● **YOUR ASSIGNMENT**: Could you restate word for word the lines running from the one with "GRAND APPARTEMENT EN DERNIER ETAGE" to the end of the data, both ends included, but without pictures?

── SUPPLIED ENTRIES ──

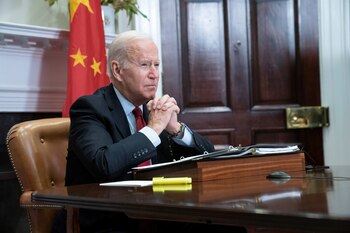 Biden dice a Xi que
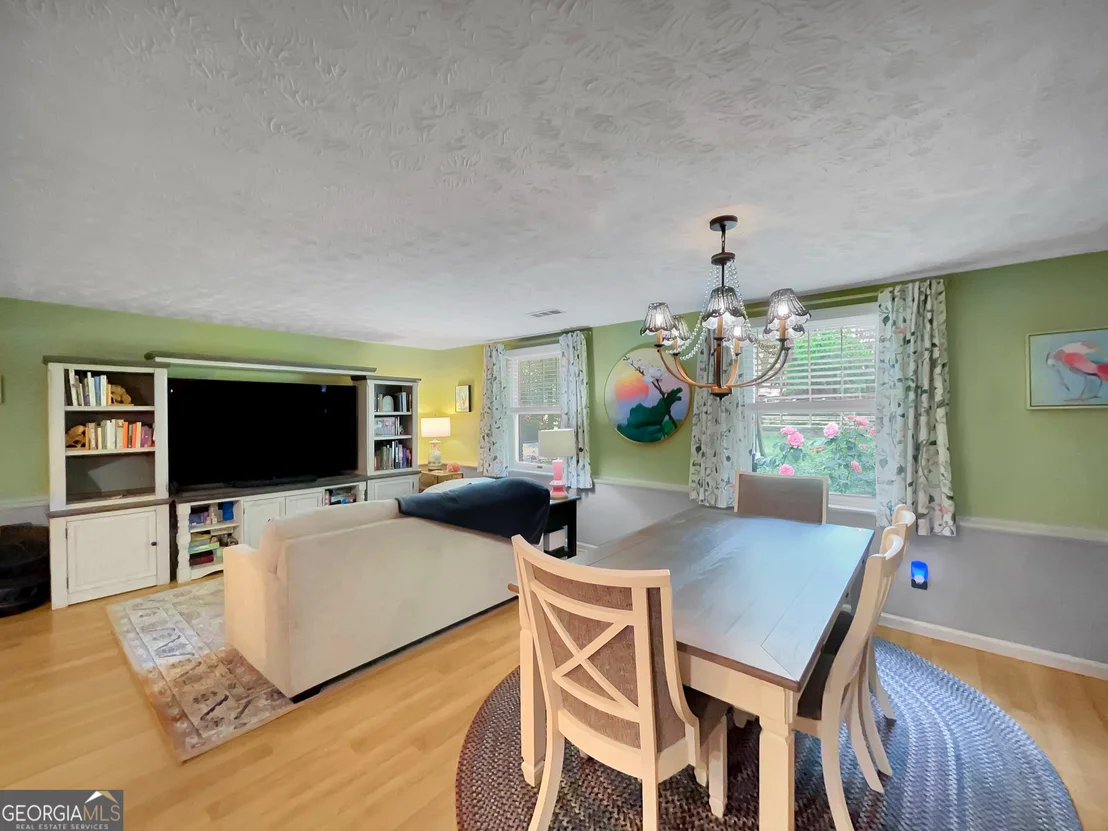 Photo of 298 Hudson River Drive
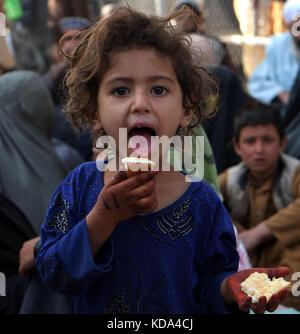 (171012) - SPIN Buldak (AFGHANISTAN), 12 octobre 2017 (Xinhua) - une jeune fille afghane revenant du Pakistan attend un camion pour rentrer chez elle à la frontière Spin Buldak, dans le sud de la province de Kandahar, Afghanistan, 12 octobre 2017. (Xinhua/Sanaullah Seaim) (HY) Banque D'Images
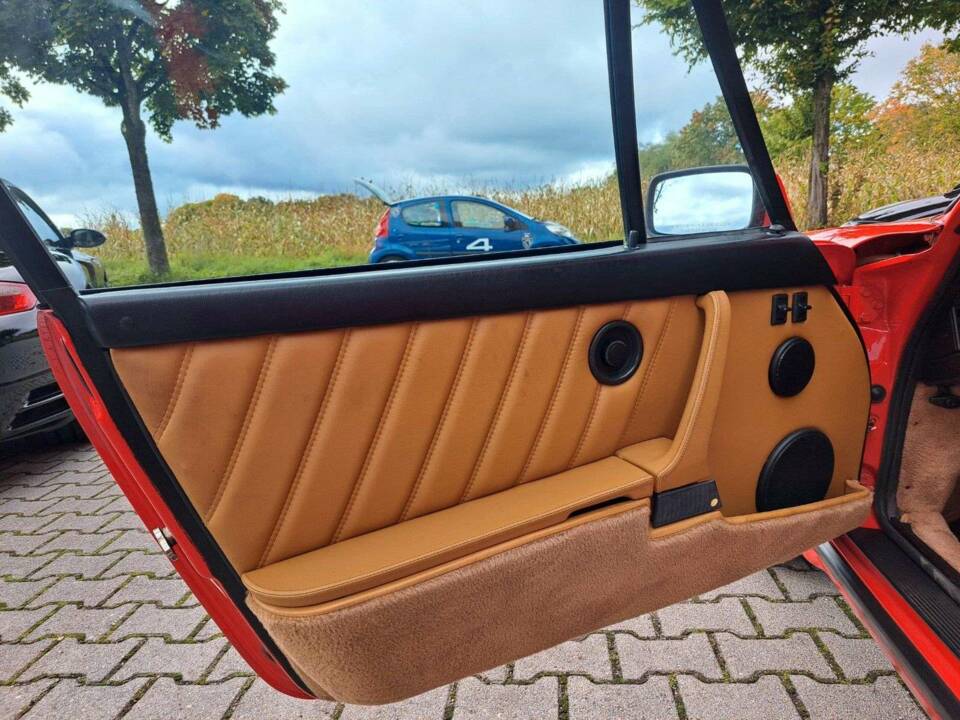 Image 16/28 de Porsche 911 Turbo 3.3 (1989)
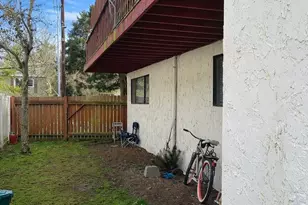 8803 23rd Ave NE, Seattle, WA 98115 - Photo 32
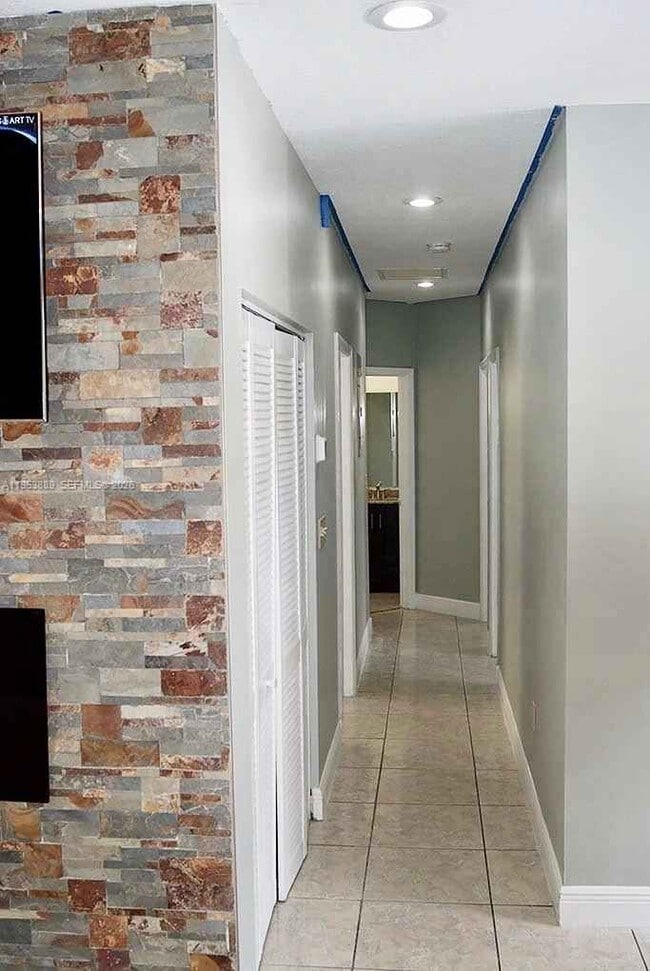 601 NW 97th St in Miami, FL - Building Photo - Building Photo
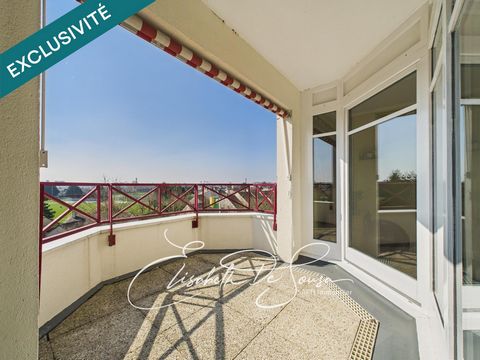 GRAND APPARTEMENT EN DERNIER ETAGE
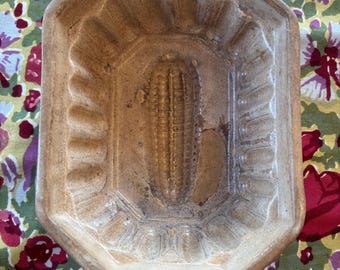 Molde de pudín antiguo con impresión de maíz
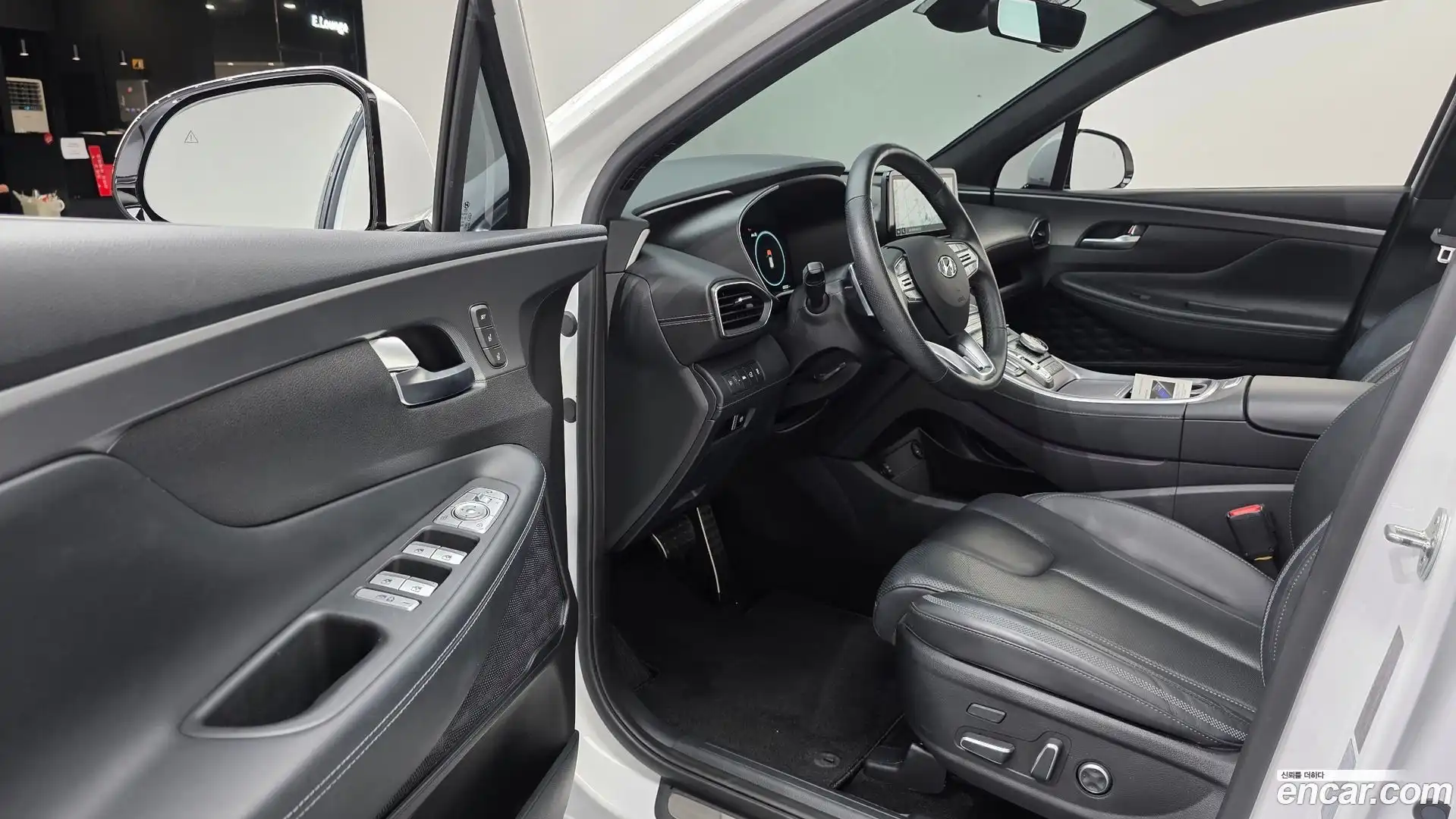 Santafe Hyundai 2021.1-INNER-010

───

● **RESPONSE TO THIS EXERCISE**:
 GRAND APPARTEMENT EN DERNIER ETAGE
 Molde de pudín antiguo con impresión de maíz
 Santafe Hyundai 2021.1-INNER-010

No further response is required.